PROVIDED RECORDS:
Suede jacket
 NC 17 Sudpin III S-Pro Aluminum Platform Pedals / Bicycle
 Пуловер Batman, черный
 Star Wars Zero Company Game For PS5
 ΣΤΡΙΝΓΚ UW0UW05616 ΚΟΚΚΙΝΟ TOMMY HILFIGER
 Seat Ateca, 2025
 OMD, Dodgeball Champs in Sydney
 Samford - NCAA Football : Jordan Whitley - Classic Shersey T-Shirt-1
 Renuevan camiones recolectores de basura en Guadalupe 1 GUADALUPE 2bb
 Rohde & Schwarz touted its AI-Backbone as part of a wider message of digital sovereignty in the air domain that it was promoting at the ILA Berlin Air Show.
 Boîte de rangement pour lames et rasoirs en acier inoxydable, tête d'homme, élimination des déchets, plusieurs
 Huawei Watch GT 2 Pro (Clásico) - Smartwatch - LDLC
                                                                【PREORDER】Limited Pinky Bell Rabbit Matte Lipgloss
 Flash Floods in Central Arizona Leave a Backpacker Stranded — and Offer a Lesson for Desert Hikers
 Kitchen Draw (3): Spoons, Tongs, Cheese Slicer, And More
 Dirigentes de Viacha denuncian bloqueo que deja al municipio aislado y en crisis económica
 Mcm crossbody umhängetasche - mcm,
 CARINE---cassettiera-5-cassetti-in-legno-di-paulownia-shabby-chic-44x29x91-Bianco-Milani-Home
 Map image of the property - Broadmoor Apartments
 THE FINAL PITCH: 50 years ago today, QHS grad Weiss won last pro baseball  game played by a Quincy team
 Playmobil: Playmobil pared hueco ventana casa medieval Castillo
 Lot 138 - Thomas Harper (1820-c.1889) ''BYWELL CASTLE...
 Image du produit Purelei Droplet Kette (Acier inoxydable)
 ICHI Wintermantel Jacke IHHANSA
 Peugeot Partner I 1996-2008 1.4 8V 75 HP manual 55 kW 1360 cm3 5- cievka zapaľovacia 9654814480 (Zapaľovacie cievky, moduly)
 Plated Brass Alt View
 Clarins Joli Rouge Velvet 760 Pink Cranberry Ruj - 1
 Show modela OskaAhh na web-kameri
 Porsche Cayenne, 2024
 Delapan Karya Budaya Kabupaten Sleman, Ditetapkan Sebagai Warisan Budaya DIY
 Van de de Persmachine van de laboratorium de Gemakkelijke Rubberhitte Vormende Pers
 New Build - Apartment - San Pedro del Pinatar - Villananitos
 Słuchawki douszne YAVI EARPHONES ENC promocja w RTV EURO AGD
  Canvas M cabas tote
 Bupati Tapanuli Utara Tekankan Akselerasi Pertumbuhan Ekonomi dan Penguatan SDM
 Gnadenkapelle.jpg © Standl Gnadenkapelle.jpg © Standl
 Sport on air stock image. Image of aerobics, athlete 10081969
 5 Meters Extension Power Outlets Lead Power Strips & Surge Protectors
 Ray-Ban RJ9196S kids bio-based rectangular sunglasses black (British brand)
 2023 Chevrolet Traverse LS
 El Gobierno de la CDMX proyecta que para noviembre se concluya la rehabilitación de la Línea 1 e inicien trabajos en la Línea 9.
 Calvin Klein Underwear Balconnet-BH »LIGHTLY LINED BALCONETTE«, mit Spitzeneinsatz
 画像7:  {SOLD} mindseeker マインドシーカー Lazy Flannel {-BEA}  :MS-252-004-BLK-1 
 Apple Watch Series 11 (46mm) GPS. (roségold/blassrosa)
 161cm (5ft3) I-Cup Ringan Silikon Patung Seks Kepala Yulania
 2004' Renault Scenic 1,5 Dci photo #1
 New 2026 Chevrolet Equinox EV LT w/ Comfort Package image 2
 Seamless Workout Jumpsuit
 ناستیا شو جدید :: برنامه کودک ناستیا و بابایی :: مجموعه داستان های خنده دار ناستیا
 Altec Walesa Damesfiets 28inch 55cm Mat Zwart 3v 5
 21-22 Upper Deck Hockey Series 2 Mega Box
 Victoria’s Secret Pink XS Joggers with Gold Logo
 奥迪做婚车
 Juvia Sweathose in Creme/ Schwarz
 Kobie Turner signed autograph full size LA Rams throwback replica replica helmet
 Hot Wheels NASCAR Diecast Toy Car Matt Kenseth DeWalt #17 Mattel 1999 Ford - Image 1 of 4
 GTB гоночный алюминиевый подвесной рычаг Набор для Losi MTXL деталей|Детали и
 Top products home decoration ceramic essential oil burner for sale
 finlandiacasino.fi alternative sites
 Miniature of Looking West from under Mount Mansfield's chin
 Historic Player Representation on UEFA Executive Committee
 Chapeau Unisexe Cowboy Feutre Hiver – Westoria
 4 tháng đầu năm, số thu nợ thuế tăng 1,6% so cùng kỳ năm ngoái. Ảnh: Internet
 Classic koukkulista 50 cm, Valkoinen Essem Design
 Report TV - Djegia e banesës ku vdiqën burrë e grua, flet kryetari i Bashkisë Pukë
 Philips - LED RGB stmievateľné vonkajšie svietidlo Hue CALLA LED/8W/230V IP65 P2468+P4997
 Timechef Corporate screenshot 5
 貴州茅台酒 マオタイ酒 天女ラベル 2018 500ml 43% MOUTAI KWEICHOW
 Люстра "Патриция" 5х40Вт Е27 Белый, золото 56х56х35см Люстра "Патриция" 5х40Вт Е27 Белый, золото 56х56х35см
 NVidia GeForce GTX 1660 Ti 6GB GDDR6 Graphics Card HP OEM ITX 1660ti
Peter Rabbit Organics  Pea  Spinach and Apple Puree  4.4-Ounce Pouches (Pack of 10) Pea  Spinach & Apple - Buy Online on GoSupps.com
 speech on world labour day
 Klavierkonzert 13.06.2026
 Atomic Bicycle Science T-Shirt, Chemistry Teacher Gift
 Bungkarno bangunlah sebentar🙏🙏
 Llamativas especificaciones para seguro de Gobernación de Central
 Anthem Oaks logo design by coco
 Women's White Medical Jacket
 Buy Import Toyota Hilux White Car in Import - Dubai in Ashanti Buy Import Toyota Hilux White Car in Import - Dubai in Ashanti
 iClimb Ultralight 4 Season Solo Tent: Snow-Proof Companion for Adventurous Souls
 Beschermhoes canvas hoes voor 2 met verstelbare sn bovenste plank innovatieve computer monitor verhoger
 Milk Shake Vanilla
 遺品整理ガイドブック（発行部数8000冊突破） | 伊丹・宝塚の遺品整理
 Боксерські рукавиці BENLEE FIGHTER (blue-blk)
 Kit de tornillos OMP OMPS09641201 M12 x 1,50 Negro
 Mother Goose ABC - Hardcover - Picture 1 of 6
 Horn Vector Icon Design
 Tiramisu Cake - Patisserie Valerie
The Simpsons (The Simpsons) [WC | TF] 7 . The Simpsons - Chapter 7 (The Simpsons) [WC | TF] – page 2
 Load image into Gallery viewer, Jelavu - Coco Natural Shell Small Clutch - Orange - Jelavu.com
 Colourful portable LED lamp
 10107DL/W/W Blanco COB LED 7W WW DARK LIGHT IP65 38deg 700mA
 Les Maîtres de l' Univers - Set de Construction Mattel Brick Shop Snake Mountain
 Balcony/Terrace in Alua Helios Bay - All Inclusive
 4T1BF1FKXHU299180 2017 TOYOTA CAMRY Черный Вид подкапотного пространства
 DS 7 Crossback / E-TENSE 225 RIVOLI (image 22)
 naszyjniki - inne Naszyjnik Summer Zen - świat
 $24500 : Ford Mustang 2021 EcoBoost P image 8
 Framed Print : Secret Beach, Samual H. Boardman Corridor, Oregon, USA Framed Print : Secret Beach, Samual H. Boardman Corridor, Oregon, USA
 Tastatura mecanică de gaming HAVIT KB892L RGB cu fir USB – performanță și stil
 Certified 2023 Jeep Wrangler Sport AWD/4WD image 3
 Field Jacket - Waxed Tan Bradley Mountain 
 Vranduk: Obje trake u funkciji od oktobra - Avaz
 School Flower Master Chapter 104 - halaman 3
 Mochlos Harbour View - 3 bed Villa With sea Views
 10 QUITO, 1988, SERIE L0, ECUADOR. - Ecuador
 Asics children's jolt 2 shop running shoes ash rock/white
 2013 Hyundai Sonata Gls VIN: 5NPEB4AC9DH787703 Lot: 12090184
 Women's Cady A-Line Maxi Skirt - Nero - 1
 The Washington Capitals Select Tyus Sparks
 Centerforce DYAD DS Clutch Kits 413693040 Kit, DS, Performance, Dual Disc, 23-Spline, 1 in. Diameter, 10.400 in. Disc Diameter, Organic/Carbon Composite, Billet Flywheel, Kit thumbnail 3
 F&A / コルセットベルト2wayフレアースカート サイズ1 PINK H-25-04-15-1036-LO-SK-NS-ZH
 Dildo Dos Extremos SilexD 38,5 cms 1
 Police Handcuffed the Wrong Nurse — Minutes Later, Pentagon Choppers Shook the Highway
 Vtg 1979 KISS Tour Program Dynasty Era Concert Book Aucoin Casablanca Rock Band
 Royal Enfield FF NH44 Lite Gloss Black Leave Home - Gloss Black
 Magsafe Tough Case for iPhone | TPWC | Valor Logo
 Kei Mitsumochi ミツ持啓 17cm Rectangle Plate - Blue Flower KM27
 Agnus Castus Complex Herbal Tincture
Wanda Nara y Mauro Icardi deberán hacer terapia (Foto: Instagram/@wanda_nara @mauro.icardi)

TASK ITEM: Print the first line of the records above and each line after it, exactly, through the line with "Renuevan camiones recolectores".

RESULT OF THIS TASK:
Suede jacket
 NC 17 Sudpin III S-Pro Aluminum Platform Pedals / Bicycle
 Пуловер Batman, черный
 Star Wars Zero Company Game For PS5
 ΣΤΡΙΝΓΚ UW0UW05616 ΚΟΚΚΙΝΟ TOMMY HILFIGER
 Seat Ateca, 2025
 OMD, Dodgeball Champs in Sydney
 Samford - NCAA Football : Jordan Whitley - Classic Shersey T-Shirt-1
 Renuevan camiones recolectores de basura en Guadalupe 1 GUADALUPE 2bb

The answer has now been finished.